After the course, I took a taxi back home with a taxi driver who is a friend and who I have known for a while. Along the way he was telling me how his previous passenger was a lady who would not tell him the street she wanted to go to, just the neighbourhood. With an authoritarian posture, she was instructing him at every stop, turn and junction; “turn here now, go straight at the next street, turn left”, and so on. He told this story to me in order to point out how bad it was not knowing where he was going.
As I had spent the whole morning discussing the importance of clarity of vision of the future, the drivers for designing strategy, it was natural to make the analogy with what he told me …

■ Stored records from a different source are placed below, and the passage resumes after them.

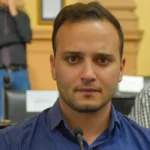 Exeni propone excluir a polĂticos de casas IPV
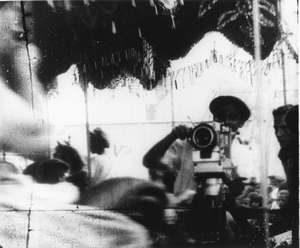 Kaufman auf Karussell beim Filmen rückwärts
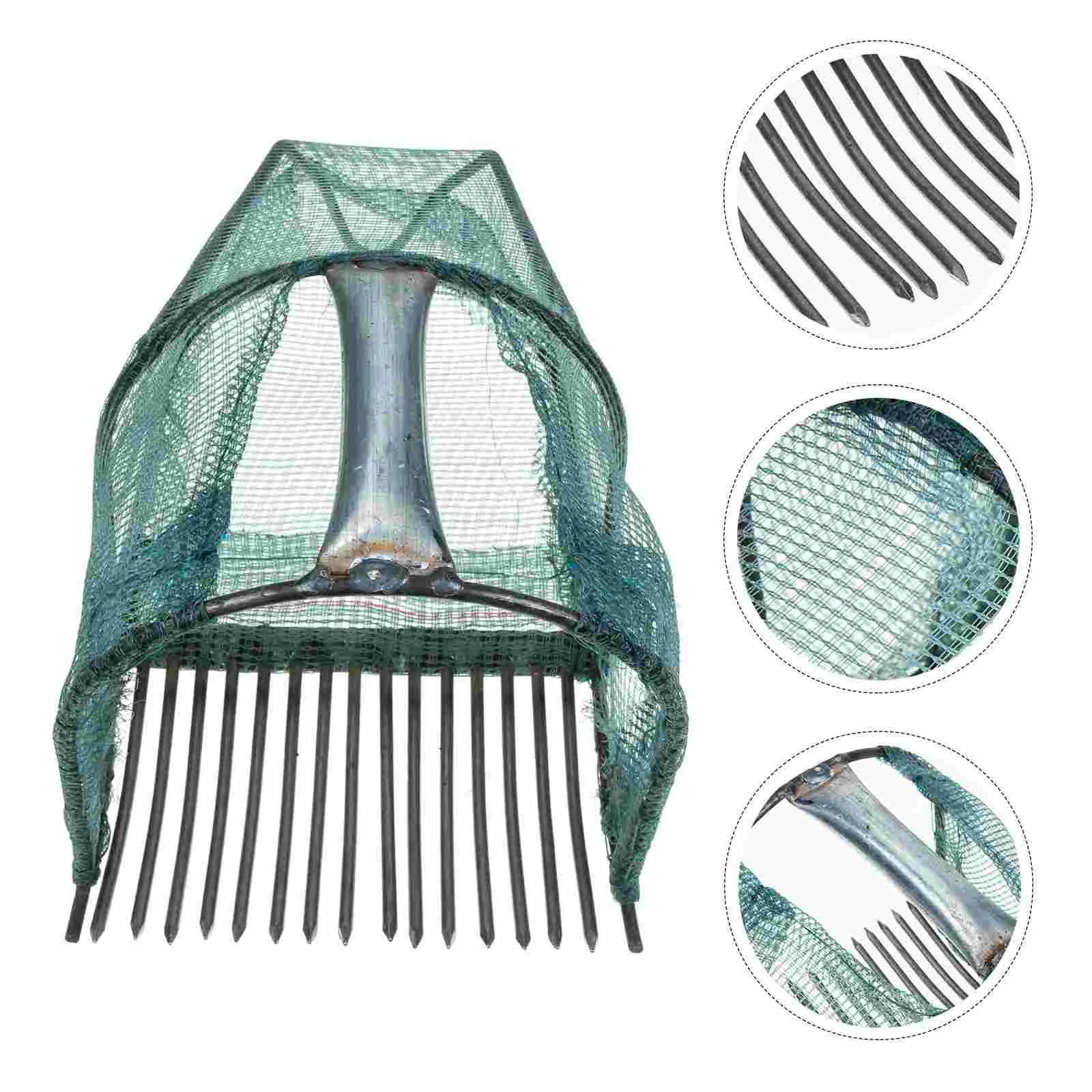 Portable Blueberry Berry Picker with Comb Portable Rake Fruit Collecting Scoop Garden Utensils Blueberry Collection Harvester
Portable Blueberry Berry Picker with Comb Portable Rake Fruit Collecting Scoop Garden Utensils Blueberry Collection Harvester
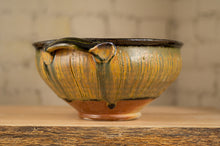 Load image into Gallery viewer, Medium Amber Serving Bowl with Handles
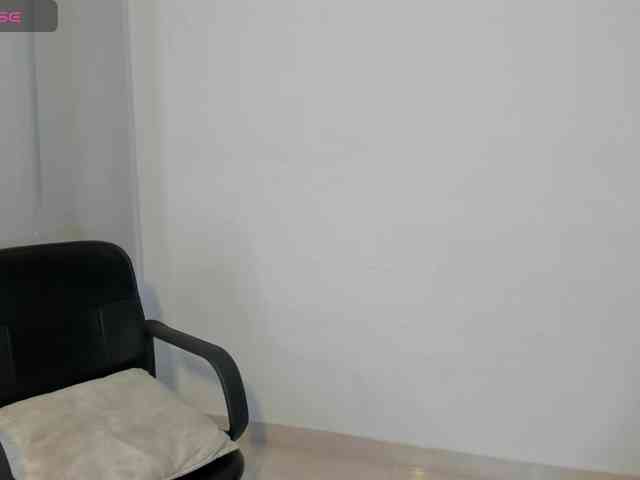 IvonneAshar webcam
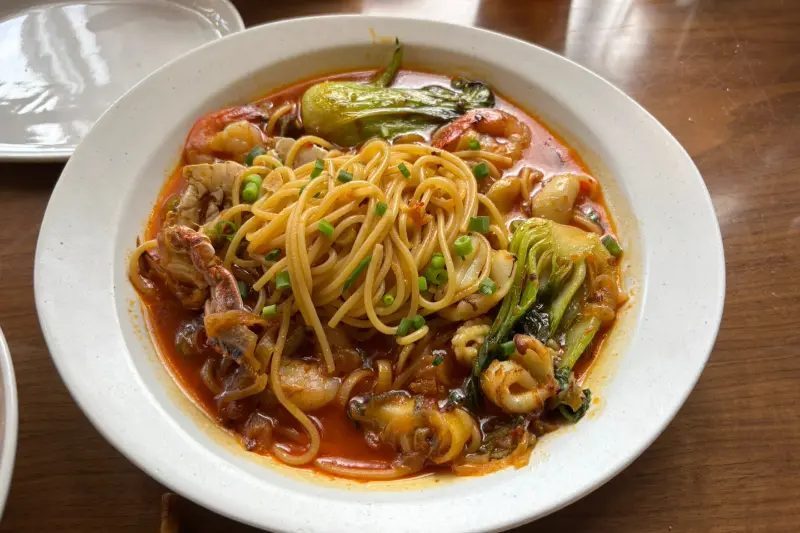 해산물이 듬뿍 들어간 파스타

- By not knowing where to go, I can’t tell if I am taking the best route
- I have to drive slower because I need time to react to the instruction to turn
- When the command to turn is given at the very last moment I could well miss the turning, therefore having to turn around and come back, wasting time
- The possibility of having an accident is higher due to waiting for a command resulting in the need for a quick manoeuvre putting both us and others at risk;
- Because I have to stay focused and waiting for the commands, I can’t afford to look around at what is happening further along the road, I have to concentrate only on the car and the person who is commanding.
In other words
- The lack of vision and clear drivers does not allow us to design a strategy which optimises resources and prioritises that which adds value;
- Without clear direction, we do everything slower, often having to redo work, always waiting for instructions from someone who “knows where to go”;
- Often, new instructions are given and we have to stop what we are doing and we end up fire-fighting or doing some task that was unplanned;
- Concentrating only in the short term raises the risk of only doing what is necessary and urgent and not what the strategy requires;
- Concentrating only on what is immediate and the commands, we do not have time and the ability to look at the wider context, movements and signals coming from the dynamic business environment, therefore never taking the time and space to think about the future and prepare for it.Doing our day to day work in the name of a future vision we wish to reach is as essential as doing this daily work well. This change of perspective helps us to differentiate between that which adds value and that which only consumes our time and energy, impacting on the end results.
Looking ahead allows us to make more sense of what we are doing now. Productivity and capacity for innovation come to life when we can see further along our horizons, when we analyse our paths and make our decisions properly and robustly, because it is clear where we want to go.